Cloud Computing’s Complicated Footprint
Moving to the cloud is often framed as a sustainability win, and there’s some truth to that. Large data centres operated by AWS, Google, and Microsoft are generally more energy-efficient per computation than on-premises servers. They run at higher utilisation rates and invest in cooling efficiency.
But the total energy consumption of cloud computing is growing rapidly. More efficient per unit of compute doesn’t help much when the total units of compute are exploding. The rise of AI workloads, particularly training large models, has pushed data centre energy consumption to levels that are genuinely concerning.
Microsoft’s own sustainability report showed its carbon emissions rose by 30% between 2020 and 2024, largely driven by data centre construction for AI services. Google reported similar trends. The companies making the biggest sustainability promises are also the ones building the most energy-hungry infrastructure.
Software Efficiency Is Underrated
We don’t talk enough about software efficiency as a sustainability issue. A bloated web page that loads 15MB of JavaScript uses more energy to serve and render than a lean page doing the same thing in 200KB. Multiply that by millions of page views and the difference is meaningful.
Efficient software runs on less powerful hardware, which means devices stay useful for longer. It uses less network bandwidth, which reduces energy consumption across the entire delivery chain. And it requires less server capacity, which means fewer data centres.

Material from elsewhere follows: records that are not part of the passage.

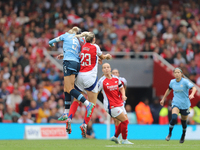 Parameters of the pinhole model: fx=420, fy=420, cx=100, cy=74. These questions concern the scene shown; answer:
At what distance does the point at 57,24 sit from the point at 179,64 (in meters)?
6.10

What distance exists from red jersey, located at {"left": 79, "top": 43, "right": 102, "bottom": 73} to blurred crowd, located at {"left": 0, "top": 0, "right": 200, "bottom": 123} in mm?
6708

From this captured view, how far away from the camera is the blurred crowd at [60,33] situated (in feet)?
52.6

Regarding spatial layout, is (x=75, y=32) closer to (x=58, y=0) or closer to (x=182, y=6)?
(x=58, y=0)

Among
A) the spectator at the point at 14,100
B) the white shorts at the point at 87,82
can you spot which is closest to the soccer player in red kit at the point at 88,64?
the white shorts at the point at 87,82

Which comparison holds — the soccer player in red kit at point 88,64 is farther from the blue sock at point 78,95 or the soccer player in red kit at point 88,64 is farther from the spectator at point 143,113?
the spectator at point 143,113

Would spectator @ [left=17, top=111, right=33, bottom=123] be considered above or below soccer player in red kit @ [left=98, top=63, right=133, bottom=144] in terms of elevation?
below

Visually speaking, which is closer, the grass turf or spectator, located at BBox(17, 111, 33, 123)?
the grass turf

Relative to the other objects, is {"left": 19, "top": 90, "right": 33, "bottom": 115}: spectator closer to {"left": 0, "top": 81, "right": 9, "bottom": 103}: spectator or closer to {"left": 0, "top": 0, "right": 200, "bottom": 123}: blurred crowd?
{"left": 0, "top": 0, "right": 200, "bottom": 123}: blurred crowd

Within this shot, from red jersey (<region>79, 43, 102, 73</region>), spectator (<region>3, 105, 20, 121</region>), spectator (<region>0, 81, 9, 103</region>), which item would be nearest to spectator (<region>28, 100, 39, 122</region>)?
spectator (<region>3, 105, 20, 121</region>)

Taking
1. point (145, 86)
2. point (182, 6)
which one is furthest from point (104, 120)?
point (182, 6)

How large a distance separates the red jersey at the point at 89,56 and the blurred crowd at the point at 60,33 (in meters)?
6.71

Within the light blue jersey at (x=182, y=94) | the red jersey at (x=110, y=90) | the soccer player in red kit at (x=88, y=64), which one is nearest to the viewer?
the soccer player in red kit at (x=88, y=64)

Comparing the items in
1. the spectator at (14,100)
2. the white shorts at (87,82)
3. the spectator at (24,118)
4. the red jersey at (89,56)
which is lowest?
the spectator at (24,118)

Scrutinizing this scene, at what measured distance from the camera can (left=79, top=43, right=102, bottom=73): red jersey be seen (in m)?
9.33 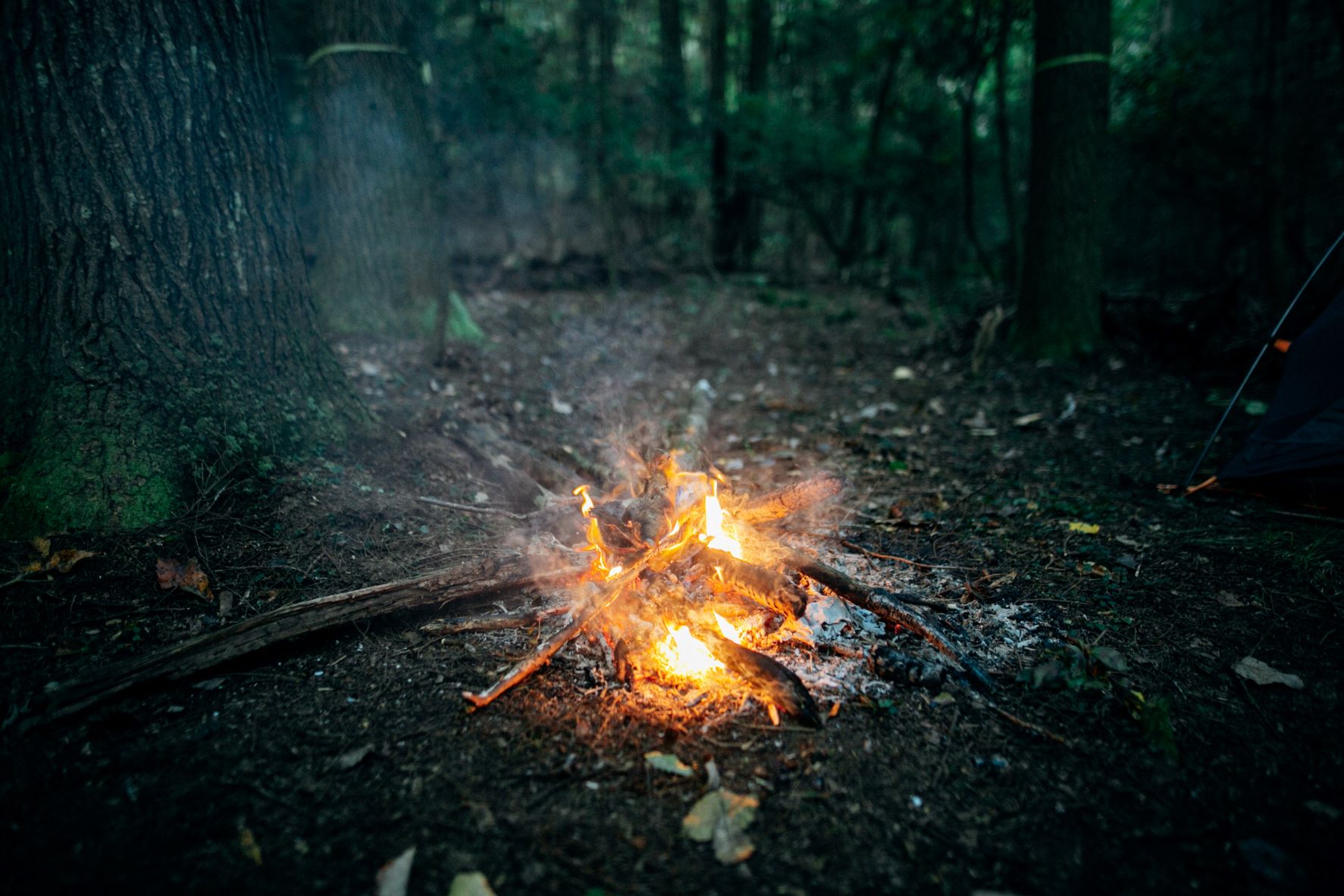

The trend in software has been moving the wrong direction. Electron apps that wrap a web browser to deliver a desktop experience. Web pages with dozens of tracking scripts. Mobile apps that consume gigabytes of storage. All of this represents wasted energy at scale.
What Companies Can Actually Do
If you run a business and want to make a genuine difference:
Extend device lifecycles. Set a policy of four to five years for laptops rather than three. Refurbish rather than replace when possible.
Audit your cloud usage. Right-size your instances. Shut down development environments when they’re not in use. Choose regions powered by renewable energy when latency permits.
Optimise your software. Performance work isn’t just about user experience; it’s about resource consumption. Faster pages use less energy.
Choose suppliers with real commitments. Look beyond the sustainability page. Check whether they publish actual emissions data, whether their targets are science-based, and whether they’re making progress year over year.
Reduce unnecessary data. Every byte stored somewhere uses energy to maintain. Data retention policies aren’t just about compliance; they’re about not keeping things you don’t need.
The Honest Truth
Individual choices about tech sustainability are dwarfed by industrial and corporate decisions. Your personal carbon footprint from technology is a rounding error compared to what happens at the data centre and manufacturing level.
But that doesn’t mean individual and business choices are pointless. Keeping devices longer, choosing repairable products, and demanding transparency from vendors all contribute to shifting the market. When enough people make different choices, companies respond.
Just don’t mistake a green logo for genuine commitment. The companies doing real work on sustainability are usually the ones publishing detailed, verifiable data rather than vague promises.